Problem details: In the listing below, find the line holding "5053 Hidden Ridge" and the line holding "Chrysler Pacyfica 2017". Write out those two lines and all lines between, exactly, and nothing more.

Supplied data:
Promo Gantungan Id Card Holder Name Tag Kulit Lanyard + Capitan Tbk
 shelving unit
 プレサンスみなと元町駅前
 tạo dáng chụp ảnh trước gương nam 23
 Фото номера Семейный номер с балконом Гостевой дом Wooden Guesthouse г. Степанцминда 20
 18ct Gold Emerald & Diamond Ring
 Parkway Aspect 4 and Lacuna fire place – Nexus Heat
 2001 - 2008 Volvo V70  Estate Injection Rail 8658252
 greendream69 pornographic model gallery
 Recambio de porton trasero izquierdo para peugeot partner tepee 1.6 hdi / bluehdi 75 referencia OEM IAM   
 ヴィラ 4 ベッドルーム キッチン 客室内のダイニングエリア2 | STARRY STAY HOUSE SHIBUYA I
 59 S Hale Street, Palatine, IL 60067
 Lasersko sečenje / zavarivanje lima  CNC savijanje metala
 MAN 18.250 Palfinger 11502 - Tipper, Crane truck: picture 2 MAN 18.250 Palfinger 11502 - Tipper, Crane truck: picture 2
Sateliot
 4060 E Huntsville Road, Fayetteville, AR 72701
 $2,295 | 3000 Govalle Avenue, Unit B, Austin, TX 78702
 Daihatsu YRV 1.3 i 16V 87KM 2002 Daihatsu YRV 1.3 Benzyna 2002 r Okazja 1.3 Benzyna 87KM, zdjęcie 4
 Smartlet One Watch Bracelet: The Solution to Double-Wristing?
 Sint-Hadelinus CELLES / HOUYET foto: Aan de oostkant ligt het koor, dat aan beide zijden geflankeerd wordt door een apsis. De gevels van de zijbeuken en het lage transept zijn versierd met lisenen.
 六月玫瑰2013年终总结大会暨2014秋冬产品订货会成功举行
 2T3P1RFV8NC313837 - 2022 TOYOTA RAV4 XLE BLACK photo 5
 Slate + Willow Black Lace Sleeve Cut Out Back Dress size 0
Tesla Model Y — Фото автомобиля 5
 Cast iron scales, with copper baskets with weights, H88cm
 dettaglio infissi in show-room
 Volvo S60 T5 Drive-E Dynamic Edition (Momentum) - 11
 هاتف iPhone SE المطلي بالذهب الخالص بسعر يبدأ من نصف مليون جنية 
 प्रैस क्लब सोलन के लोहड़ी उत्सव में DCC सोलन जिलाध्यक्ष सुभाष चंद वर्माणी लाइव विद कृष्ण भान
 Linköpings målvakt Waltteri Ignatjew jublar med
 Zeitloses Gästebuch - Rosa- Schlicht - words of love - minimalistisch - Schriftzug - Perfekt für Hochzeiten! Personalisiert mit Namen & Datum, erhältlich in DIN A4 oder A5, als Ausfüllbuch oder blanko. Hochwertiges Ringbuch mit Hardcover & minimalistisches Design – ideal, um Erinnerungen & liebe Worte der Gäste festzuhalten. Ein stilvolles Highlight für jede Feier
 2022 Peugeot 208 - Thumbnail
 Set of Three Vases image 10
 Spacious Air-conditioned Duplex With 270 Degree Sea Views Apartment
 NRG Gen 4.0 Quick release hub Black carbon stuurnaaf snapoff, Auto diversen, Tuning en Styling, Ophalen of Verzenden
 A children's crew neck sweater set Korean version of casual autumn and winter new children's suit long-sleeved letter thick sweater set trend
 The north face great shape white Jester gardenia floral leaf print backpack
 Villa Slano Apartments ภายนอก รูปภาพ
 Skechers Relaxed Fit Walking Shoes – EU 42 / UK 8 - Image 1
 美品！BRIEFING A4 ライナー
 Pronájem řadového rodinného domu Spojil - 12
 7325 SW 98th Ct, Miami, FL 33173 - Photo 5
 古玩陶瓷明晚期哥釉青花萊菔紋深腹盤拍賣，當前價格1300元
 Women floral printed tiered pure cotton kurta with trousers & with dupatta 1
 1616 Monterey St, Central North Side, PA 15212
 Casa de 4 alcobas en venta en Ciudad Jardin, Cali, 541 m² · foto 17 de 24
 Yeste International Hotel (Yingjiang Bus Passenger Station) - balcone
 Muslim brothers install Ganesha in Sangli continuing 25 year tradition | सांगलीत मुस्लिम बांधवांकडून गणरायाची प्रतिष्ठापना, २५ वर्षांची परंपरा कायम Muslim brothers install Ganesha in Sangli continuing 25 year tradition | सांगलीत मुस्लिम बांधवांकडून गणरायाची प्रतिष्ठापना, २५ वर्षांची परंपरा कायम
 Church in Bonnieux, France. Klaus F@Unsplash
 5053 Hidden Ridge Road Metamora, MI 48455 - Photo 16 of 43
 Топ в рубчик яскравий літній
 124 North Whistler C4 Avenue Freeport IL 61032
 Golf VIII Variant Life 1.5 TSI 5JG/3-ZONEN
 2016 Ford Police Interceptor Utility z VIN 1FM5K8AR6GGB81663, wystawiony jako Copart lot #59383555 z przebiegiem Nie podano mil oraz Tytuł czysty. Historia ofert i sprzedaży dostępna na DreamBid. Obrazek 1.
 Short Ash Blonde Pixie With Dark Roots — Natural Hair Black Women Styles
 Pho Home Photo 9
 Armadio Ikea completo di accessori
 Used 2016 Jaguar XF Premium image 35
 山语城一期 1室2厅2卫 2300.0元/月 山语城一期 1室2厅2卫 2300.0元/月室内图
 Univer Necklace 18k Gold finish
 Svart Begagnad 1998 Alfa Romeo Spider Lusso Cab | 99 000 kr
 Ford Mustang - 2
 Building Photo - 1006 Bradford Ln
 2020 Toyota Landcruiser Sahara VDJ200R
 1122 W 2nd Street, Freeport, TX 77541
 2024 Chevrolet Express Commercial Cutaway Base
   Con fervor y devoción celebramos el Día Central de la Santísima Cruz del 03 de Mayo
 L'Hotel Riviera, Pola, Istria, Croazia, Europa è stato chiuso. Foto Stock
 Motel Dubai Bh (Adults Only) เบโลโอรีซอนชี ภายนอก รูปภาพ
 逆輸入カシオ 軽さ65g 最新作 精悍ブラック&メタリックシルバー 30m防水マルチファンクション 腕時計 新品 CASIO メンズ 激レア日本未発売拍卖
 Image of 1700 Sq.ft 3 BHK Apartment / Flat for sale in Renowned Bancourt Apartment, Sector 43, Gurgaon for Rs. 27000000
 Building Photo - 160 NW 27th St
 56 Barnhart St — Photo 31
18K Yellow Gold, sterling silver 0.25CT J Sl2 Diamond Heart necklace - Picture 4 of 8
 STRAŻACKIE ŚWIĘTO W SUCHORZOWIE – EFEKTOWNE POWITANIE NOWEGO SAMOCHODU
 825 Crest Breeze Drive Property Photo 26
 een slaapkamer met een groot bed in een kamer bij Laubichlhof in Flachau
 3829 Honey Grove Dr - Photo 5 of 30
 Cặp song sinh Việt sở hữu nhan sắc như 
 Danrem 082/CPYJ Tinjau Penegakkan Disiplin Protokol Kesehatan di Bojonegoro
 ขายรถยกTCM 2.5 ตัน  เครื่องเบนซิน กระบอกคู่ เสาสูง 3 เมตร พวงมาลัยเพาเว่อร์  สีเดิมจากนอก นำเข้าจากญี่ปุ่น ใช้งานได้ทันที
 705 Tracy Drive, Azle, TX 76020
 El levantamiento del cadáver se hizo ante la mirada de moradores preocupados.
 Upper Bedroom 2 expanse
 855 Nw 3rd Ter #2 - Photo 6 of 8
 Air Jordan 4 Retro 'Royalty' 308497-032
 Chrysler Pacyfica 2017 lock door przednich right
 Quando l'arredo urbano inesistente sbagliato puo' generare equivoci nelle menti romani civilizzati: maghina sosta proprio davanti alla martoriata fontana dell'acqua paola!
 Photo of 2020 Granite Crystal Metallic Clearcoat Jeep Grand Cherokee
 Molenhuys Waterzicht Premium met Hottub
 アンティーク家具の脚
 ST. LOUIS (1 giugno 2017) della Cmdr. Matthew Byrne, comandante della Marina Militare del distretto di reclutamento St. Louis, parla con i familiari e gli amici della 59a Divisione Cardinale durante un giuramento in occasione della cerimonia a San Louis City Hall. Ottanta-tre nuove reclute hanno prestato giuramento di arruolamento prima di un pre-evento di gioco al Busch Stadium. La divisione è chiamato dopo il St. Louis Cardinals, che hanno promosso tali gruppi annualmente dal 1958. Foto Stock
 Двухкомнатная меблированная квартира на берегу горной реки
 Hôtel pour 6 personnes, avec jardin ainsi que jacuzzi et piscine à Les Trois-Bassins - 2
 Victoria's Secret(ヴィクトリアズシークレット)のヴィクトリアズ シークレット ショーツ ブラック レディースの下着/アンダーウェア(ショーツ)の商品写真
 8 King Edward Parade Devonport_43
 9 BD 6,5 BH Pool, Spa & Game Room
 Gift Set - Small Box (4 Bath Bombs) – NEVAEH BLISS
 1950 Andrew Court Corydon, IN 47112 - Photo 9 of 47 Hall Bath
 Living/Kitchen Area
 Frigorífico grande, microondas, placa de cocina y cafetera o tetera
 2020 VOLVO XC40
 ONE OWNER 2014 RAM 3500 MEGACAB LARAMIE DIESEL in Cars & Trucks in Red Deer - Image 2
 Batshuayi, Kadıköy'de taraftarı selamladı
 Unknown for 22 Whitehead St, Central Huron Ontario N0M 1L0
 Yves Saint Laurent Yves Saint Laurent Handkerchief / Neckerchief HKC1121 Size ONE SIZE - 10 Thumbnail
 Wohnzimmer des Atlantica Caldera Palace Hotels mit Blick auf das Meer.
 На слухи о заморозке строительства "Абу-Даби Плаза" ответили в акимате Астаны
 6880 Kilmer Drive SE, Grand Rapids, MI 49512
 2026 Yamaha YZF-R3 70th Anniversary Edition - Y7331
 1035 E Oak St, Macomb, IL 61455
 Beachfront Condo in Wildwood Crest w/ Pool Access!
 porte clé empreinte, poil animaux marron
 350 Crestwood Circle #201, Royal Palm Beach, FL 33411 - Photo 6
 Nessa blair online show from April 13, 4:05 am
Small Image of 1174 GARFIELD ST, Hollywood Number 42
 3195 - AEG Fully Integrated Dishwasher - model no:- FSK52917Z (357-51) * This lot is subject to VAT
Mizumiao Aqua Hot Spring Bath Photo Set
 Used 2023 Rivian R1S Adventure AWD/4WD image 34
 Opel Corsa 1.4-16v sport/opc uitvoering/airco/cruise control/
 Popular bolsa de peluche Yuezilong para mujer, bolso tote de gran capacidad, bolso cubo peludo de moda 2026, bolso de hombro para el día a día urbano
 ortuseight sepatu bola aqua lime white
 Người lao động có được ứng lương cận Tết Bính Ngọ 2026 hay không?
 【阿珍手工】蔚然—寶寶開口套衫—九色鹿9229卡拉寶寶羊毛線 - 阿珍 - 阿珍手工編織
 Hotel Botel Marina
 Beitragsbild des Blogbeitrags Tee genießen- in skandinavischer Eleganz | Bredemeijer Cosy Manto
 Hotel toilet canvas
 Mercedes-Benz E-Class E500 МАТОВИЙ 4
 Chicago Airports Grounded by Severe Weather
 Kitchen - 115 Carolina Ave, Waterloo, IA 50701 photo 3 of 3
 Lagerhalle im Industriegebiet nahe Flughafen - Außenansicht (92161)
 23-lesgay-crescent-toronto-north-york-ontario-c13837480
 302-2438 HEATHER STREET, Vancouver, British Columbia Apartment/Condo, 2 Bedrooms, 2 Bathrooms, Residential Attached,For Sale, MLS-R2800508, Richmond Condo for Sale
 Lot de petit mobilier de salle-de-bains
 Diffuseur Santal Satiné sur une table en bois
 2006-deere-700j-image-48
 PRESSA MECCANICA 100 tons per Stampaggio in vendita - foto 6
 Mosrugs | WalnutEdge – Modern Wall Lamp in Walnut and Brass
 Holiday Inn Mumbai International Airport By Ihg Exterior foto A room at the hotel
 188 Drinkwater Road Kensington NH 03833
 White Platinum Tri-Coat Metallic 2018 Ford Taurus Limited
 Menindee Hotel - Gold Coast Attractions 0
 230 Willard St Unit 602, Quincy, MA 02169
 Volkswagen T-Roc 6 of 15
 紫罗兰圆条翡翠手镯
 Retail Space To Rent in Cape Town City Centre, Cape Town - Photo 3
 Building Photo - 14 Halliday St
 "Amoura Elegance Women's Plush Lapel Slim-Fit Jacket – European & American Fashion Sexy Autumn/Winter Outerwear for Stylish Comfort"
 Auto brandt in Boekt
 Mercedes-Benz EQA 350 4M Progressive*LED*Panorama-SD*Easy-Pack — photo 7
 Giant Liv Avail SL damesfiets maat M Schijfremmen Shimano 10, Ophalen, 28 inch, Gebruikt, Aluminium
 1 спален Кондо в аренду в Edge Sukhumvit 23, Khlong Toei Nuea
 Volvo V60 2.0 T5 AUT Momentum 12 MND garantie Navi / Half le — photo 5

Response to this task:
 5053 Hidden Ridge Road Metamora, MI 48455 - Photo 16 of 43
 Топ в рубчик яскравий літній
 124 North Whistler C4 Avenue Freeport IL 61032
 Golf VIII Variant Life 1.5 TSI 5JG/3-ZONEN
 2016 Ford Police Interceptor Utility z VIN 1FM5K8AR6GGB81663, wystawiony jako Copart lot #59383555 z przebiegiem Nie podano mil oraz Tytuł czysty. Historia ofert i sprzedaży dostępna na DreamBid. Obrazek 1.
 Short Ash Blonde Pixie With Dark Roots — Natural Hair Black Women Styles
 Pho Home Photo 9
 Armadio Ikea completo di accessori
 Used 2016 Jaguar XF Premium image 35
 山语城一期 1室2厅2卫 2300.0元/月 山语城一期 1室2厅2卫 2300.0元/月室内图
 Univer Necklace 18k Gold finish
 Svart Begagnad 1998 Alfa Romeo Spider Lusso Cab | 99 000 kr
 Ford Mustang - 2
 Building Photo - 1006 Bradford Ln
 2020 Toyota Landcruiser Sahara VDJ200R
 1122 W 2nd Street, Freeport, TX 77541
 2024 Chevrolet Express Commercial Cutaway Base
   Con fervor y devoción celebramos el Día Central de la Santísima Cruz del 03 de Mayo
 L'Hotel Riviera, Pola, Istria, Croazia, Europa è stato chiuso. Foto Stock
 Motel Dubai Bh (Adults Only) เบโลโอรีซอนชี ภายนอก รูปภาพ
 逆輸入カシオ 軽さ65g 最新作 精悍ブラック&メタリックシルバー 30m防水マルチファンクション 腕時計 新品 CASIO メンズ 激レア日本未発売拍卖
 Image of 1700 Sq.ft 3 BHK Apartment / Flat for sale in Renowned Bancourt Apartment, Sector 43, Gurgaon for Rs. 27000000
 Building Photo - 160 NW 27th St
 56 Barnhart St — Photo 31
18K Yellow Gold, sterling silver 0.25CT J Sl2 Diamond Heart necklace - Picture 4 of 8
 STRAŻACKIE ŚWIĘTO W SUCHORZOWIE – EFEKTOWNE POWITANIE NOWEGO SAMOCHODU
 825 Crest Breeze Drive Property Photo 26
 een slaapkamer met een groot bed in een kamer bij Laubichlhof in Flachau
 3829 Honey Grove Dr - Photo 5 of 30
 Cặp song sinh Việt sở hữu nhan sắc như 
 Danrem 082/CPYJ Tinjau Penegakkan Disiplin Protokol Kesehatan di Bojonegoro
 ขายรถยกTCM 2.5 ตัน  เครื่องเบนซิน กระบอกคู่ เสาสูง 3 เมตร พวงมาลัยเพาเว่อร์  สีเดิมจากนอก นำเข้าจากญี่ปุ่น ใช้งานได้ทันที
 705 Tracy Drive, Azle, TX 76020
 El levantamiento del cadáver se hizo ante la mirada de moradores preocupados.
 Upper Bedroom 2 expanse
 855 Nw 3rd Ter #2 - Photo 6 of 8
 Air Jordan 4 Retro 'Royalty' 308497-032
 Chrysler Pacyfica 2017 lock door przednich right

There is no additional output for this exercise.